SAS/STAT® 9.2 User's Guide, Second Edition
Quote:Obviously, the model must be "correct" to the extent that it sufficiently describes the data-generating mechanism

Topics in Statistical Data Analysis: Revealing Facts From Data
Quote:The following figure illustrates the statistical thinking process based on data in constructing statistical models for decision making under uncertainties.

Mueller & Hancock 2007

Best Practices in Structural Equation Modeling

Quote:A central issue addressed by SEM is how to assess the fit between observed data and the hypothesized model, ideally operationalized as an evaluation of the degree of discrepancy between the true population covariance matrix and that implied by the model's structural and nonstructural parameters. As the population parameter values are seldom known, the difference between an observed, sample-based covariance matrix and that implied by parameter estimates must serve to approximate the population discrepancy.

Kenneth A. Bollen 1989 pp. 68, 72

Structural Equations with Latent Variables

Quote:Model-reality consistency is a more "slippery" issue. Here the question is whether the model mirrors real-world processes. For instance, does an econometric model of the U.S. economy really correspond to the behavior of the economy? Fully assessing model-reality consistency is not possible since it presupposes perfect knowledge of the "real" world with which to evaluate the model. In practice, we imperfectly evaluate model-reality consistency in several ways. One is comparing the predictions implied by a model to those observed in a context different from the data that supply the model parameter estimates. For instance, we might check the realism of an econometric model by contrasting its predictions of inflation rates to those observed in the future. If we are fortunate enough to be able to manipulate variables in the model, we can do so and see if the model correctly predicts the consequences. Or, we can examine the assumptions and relations embedded in a model and debate their validity based on other experiences or insights.

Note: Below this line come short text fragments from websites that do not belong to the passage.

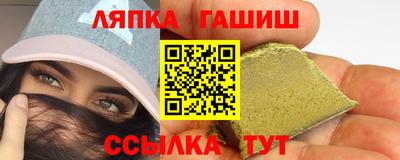 спиды Наро-Фоминск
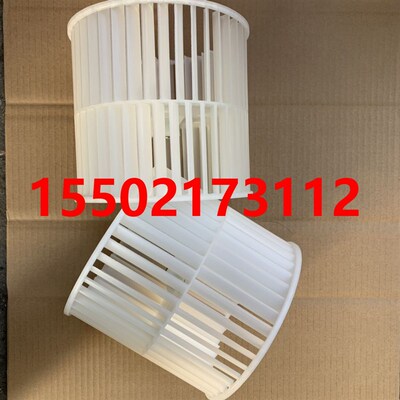 适用大金空调风管机FXSP100/112/125/140MMVC风扇转子罩壳蜗壳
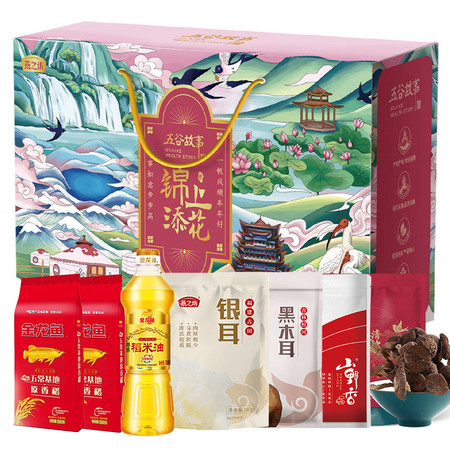 【邮乐自营】燕之坊 锦上添花礼盒 700ml+2108g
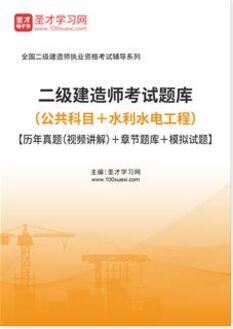 2023年二级建造师历年真题考试题库水利水电+公共科目视频讲解章节题库模拟试题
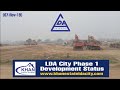 LDA City Lahore | Phase 1 Latest Development Status | 200 Ft Road | Update (07-Nov-019)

It is tempting to use model-data consistency as proof of model-reality consistency, but we could be misled by so doing. The problem lies in the asymmetric link between these two consistency checks. If a model is consistent with reality, then the data should be consistent with the model. But, If the data are consistent with a model, this does not imply that the model corresponds to reality.

[...]

In sum, structural equation models face the same restrictions as other empirical methodologies. We can only reject a model - we can never prove a model to be valid. A good model-to-data fit does not mean that we have the true model.

The last paragraph helps to better understand why models are not actual data. Since all models are "wrong", so to speak, the best fitting model is not a proof this model is the true model, as they are all approximations.

And finally, the best one is that blog article :

The True Meaning Of Statistical Models
Briggs (2014) has nicely summarized the essence of a typical statistical model : "Why substitute perfectly good reality with a model?", "Because a statistical model is only interested in quantifying the uncertainty in some observable, given clearly stated evidence", "Every model (causal or statistical or combination) implies (logically implies) a prediction". This cannot illustrate better all I have said earlier. A statistical model is an approximation, and thus is different from a descriptive stats. Unfortunately, your so-called statistical model of no gain has no uncertainty in it.

I repeat, the description in your figure 6 definitely needs to be rewritten.